BLS reports nonfarm payroll employment up by 192 thousand, and prior months revised up.
Figure 1: Nonfarm payroll employment from January release (blue), from February release (red), from March release (black), in thousands, seasonally adjusted. Bloomberg consensus in gray (based upon 206 thousand increase, using March series observation on February employment). Source: BLS, Bloomberg, author’s calculations.
For more on the release, see Portlock/WSJ RTE Leubsdorff/WSJ RTE, Furman/CEA.
Per-capita real private non-residential investment to real final sales is not growing yoy.
Growth of per capita real private non-residential investment less private employment is not growing yoy.
Private employment will not grow faster than investment with revenues flat, costs of “health care” rising, and oil at $100.
Private investment and employment has reached a cyclical constraint.
Production will decelerate and contract yoy later this year.
Employment growth has peaked for the cycle and will rapidly decelerate hereafter.
The U rate has bottomed.
The stock market has peaked at another terminal bubble blow-off acceleration as in 2007, 2000, 1989, 1987, 1937, and 1929.
Gov’t cyclical spending as a share of final sales will accelerate hereafter by default as real final sales per capita decelerate below 1%.
The Chair will likely be directed to taper the taper, or reverse it, later this year.
And the stock market is down, not believing word from the jobs report.
Interesting. Stimulus down, austerity up, unemployment down. Even Menzie has to agree that maybe the government may not play a huge role in decreasing or increasing employment. Sometimes the private sector just needs some time to get back on track.
Anonymous, the U rate is down because of the commensurate decline in labor force participation; otherwise, the U rate would be ~11%.

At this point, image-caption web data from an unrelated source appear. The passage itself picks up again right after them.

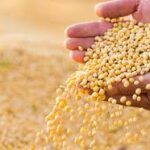 Corn and Soybean Prices Rise in Global Markets Amid Strong Selling Activity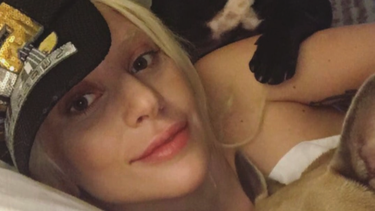 paseador de perros de gaga recibe disparo, le roban bulldogs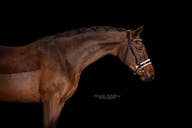 OLDENBURG HORSES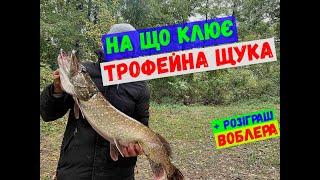 на що клює трофейна щука#спінінг#щука#окунь#тролинг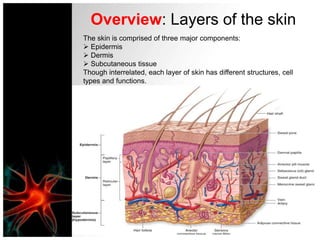 Overview: Layers of the skinThe skin is comprised of three major components:Epidermis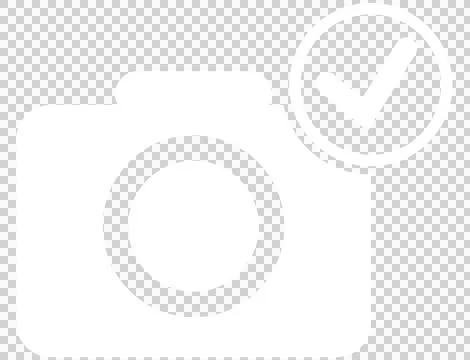 Vector image of camera with tick mark Stock Photos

Federal gov’t spending has not grown largely because of a drawdown in the spending for never-ending imperial wars and for unemployment payments; but that is about to change.
Now per-capita private investment to final sales implies that we are at a cyclical constraint for investment and employment, suggesting that employment has peaked, the U rate has bottomed, real finals sales per capita will decelerate below 1% (long-term average of 2%), and gov’t spending as a share of final sales will hereafter accelerate, owing largely to accelerating growth of drawdown by Boomers on Social Security, Medicare, Medicaid, food stamps, SSI, HUD housing vouchers for low-income elders, etc.
Consequently, there will be little or no incremental gov’t spending for “stimulus” after Boomer drawdown effects and otherwise for unemployment payments, Obummercares/Medicaid, and food stamps for Americans under age 62-65.
Thus, growth of gov’t spending hereafter, apart from spending for additional never-ending imperial wars, will be for subsistence income support for one-third of the US population, if not more, in the years ahead.